Ahmet TAKAN
Ülkemi seyretmeye devam ediyorum!..
Bir hafta içinde dördüncü göçük... Yer yine İstanbul... Bu sefer Ümraniye'de... Yine ekranlardan canlı canlı izlettiler. Toprak kaydı, asfalt çöktü... Park etmiş araçlar inşaat çukuruna birer birer yuvarlandı. Seyrettik!.. Can kaybı yok diye yine avunduk!.. İmar barışı içinde yaşıyoruz nasıl olsa... Bu çöküş içinde makul ve mantıklı sebepler sıralandı. Barış içinde durmak yok yola devam!..
Bu aralar "imalı yazma. Açık yaz" diye tepki mesajları alıyorum. Ben, çok açık yazıyorum da... Neyse!.. Her zaman dediğimiz gibi okuyucu velinimetimizdir. Geçen "Sütlüce'nin çöküşü" başlıklı yazımızı " Türkiye'yi izledim" diye sonlandırmıştım. Dün de aynısı oldu. TV ekranlarına bakarken, toprak altından kayarken çöken ülkemi seyrettim. Ve bu acı tabloyu boş boş seyreden insanları...
Tarihin çok gerilerine gittim;
Papa 9'uncu Gregory'in "kediler şeytandır, onları öldürün!" diye fetva verdiği o ilkel vahşet asrına... Kedilerin öldürülmesiyle artan farelerden yayılan vebayla milyonlarca insanın öldüğü yıllara..
Bilmeyen varsa anlatalım...
9'uncu Gregory adındaki yobaz ve ahmak bir Papa, bugün hâlâ var olan, kedilerle ilgili saçma sapan batıl inançların ortaya çıkmasında büyük pay sahibi biri. Asya ve Avrupa'da yaşayan milyonlarca kedinin ve insanın hayatını birkaç yıl içinde karartmış bu adamın, kör inançlarının ve yobazlığının bedeli oldukça ağır olmuş.

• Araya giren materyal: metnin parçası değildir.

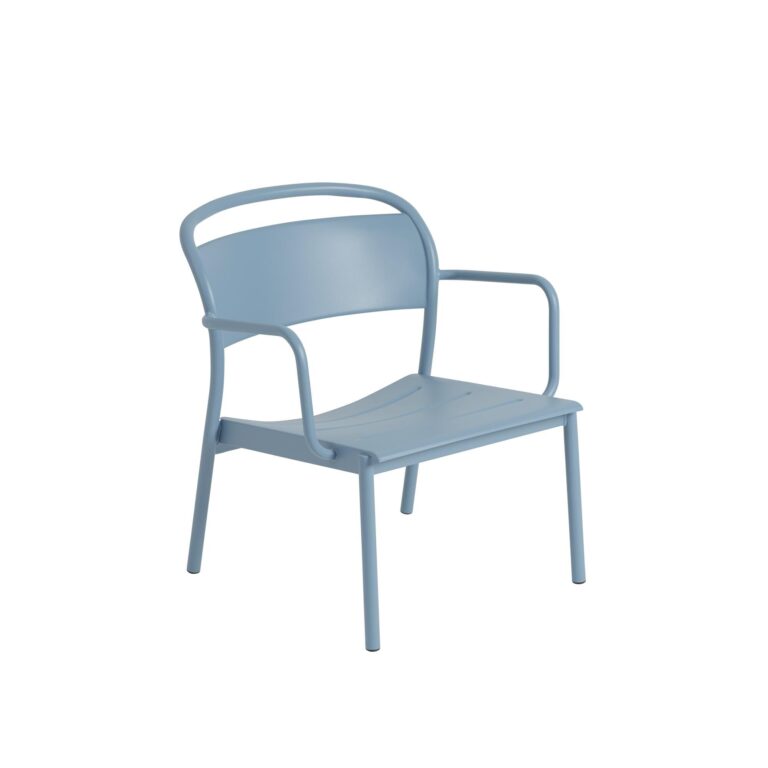 Linear Steel Lænestol Pale Blue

Bir yobazın korkuları ve elindeki güç yüzünden milyonlarca masum canın katledilmiş olması, tarihten alınması gereken büyük bir ders niteliği taşıyor.

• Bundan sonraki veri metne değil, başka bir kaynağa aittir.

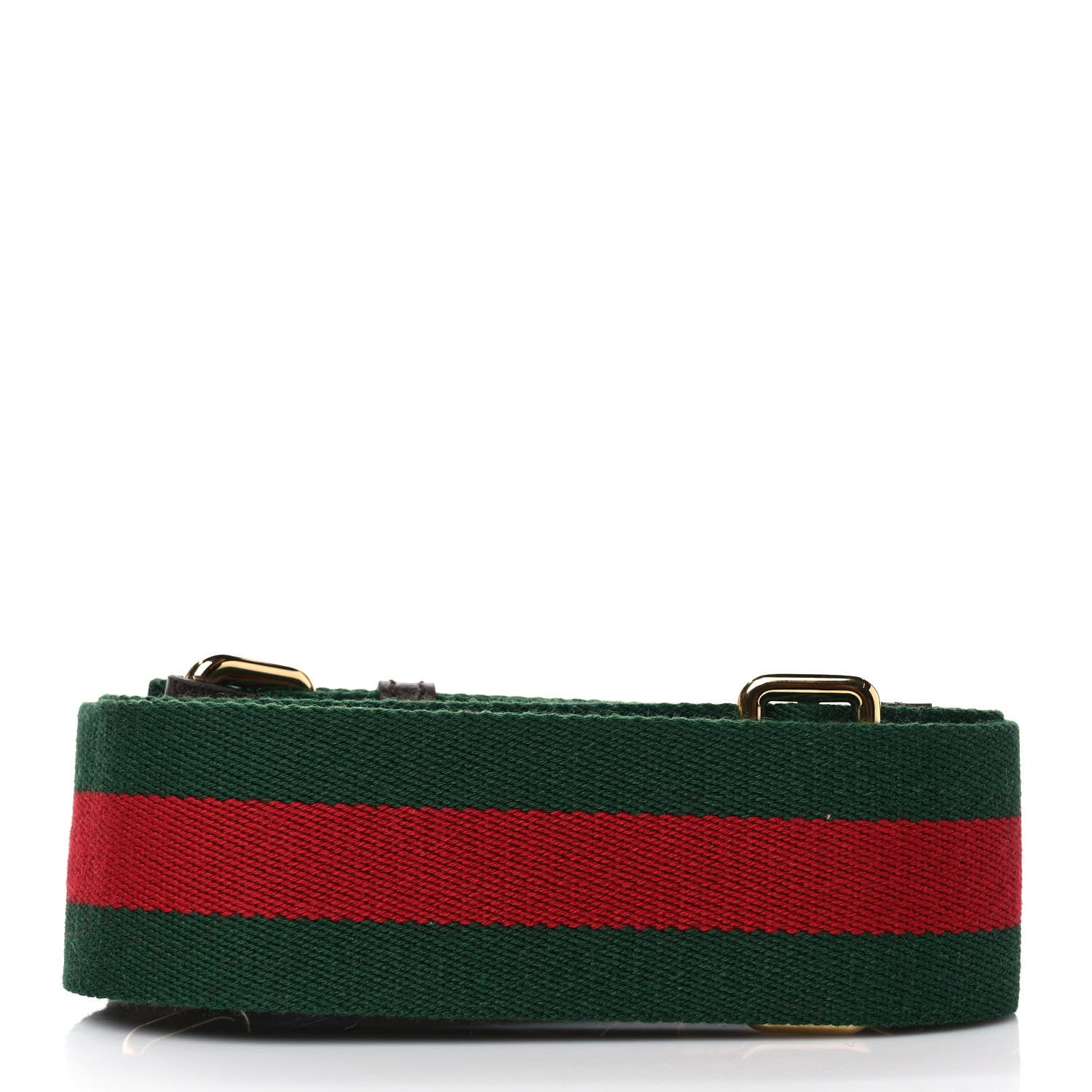 Gucci Canvas Web Shoulder Strap Green Red 2 of 4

İnsanlık tarihindeki en büyük hastalık felaketlerinden biri olan veba salgını, nam-ı diğer "kara ölüm"ün ortaya çıkış sebeplerinden biri olarak bilinir...
Yüzyıllar önce Avrupa topraklarında, önü alınamayan ve tahminen 75-200 milyon (kaynaklar farklı farklı söylüyor) insanın ölümüne neden olan bir veba salgını oldu. Bu trajedinin yaşanmasındaki sebep 9'uncu Gregory adındaki Papa'nın kedi nefreti yüzündendi. Bu dönemde çıkarılan "Vox in Rama" adındaki kilise belgesi, siyah kedilerin satanik bir simge haline gelmesinin ilk ortaya çıkış sebebiydi. Yobaz Papa, kedilerin şeytan olduğunu ilan etmişti. Zaten Avrupa'da o dönem bir şeylere şeytan damgası yapıştırmak, her şeyi şeytan görmek çok popülerdi. Ve bölgedeki bütün kedilerin, onlarla iş birliği yapan cadılarla (yani sahipleriyle) beraber yakılması için fetva verdi. Bunun üzerine on binlerce kedi katledildi. Sadece birkaç sayılı aristokratın kedisi hayatta kalmıştı.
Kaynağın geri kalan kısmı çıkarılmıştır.